I own several of Madhur Jaffrey’s cookbooks, but when I lived in London I discovered this slim, older paperback called Madhur Jaffrey’s Indian Cooking.  This sour chickpea recipe quickly became a favorite, and I made a batch of it probably every other week while I lived in London.  Before I started keitopotato, I typed out and emailed this recipe to various friends and family.  It’s finally time to post it here and share it with a wider circle.

This recipe calls for using dried chickpeas.  Canned chickpeas simply won’t work here because their texture is too soft.  Dried chickpeas give this dish a firmer and more defined texture, and are much cheaper than the canned ones.  They’re easy to use as long as you plan ahead and let them soak overnight.


2  1/4 cup (350 g) chickpeas

7  1/2 cups  (1.75 litres) water

2  1/2 teaspoons salt

1 fresh, hot green chili

1 tablespoon finely grated ginger

4 tablespoons fresh lemon juice

6 tablespoons vegetable oil

3 medium onions

2 medium tomatoes

1 tablespoon ground coriander seeds

1 tablespoon ground cumin seeds

1/2 teaspoon ground turmeric

2 teaspoons garam masala

1/4 teaspoon cayenne pepper


Pick over, wash, and drain the chickpeas.  Soak the chickpeas in  7  1/2 cups of water for 20 hours. 

Put the chickpeas and their soaking liquid into a large pot and bring to a boil.  As they come to a boil, a white foam will emerge on the surface.  Skim off the foam with a ladle. 

Cover, lower the heat, and simmer gently for an hour and a half, or until chickpeas are tender.  Strain the chickpeas and save the cooking liquid. 

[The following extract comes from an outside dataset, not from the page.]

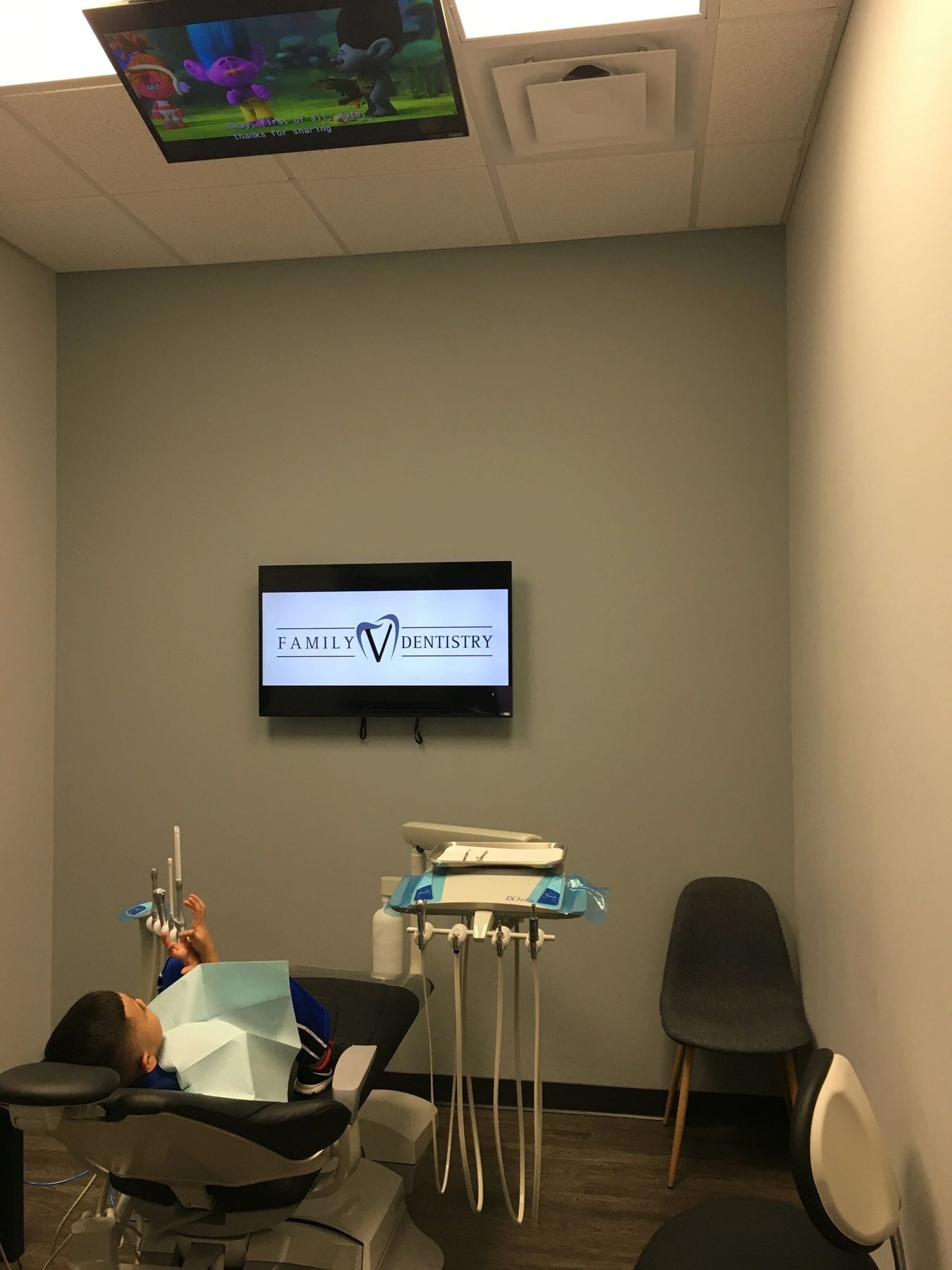 Treatment room with a ceiling-mounted TV above the dental chair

Finely chop the green chili.  Grate the ginger.  In a small bowl or teacup, combine the chili, ginger, lemon juice and 1/2 teaspoon salt.  Mix well and set aside.

Finely chop the onions.  Finely chop or puree the tomatoes.  Heat the oil in a heavy, wide pot over medium-high flame.  When hot, add the chopped onions.  Stir and fry for 8-10 minutes, or until the onion bits develop reddish-brown spots.  Add the tomatoes.  Continue to stir and fry another 5-6 minutes.

Put in the coriander, cumin, and turmeric.  Stir and cook for about 30 seconds.  Now put in the drained chickpeas,  1  3/4 ( 400 ml) of their cooking liquid, 2 teaspoons of salt, the garam masala, and cayenne.  Stir to mix and bring to a simmer.  Cover, turn the heat to low, and cook very gently for 20 minutes.  Stir a few times during this period.

Add the lemon mixture to the chickpeas.  Stir again to mix.  Serve hot or lukewarm.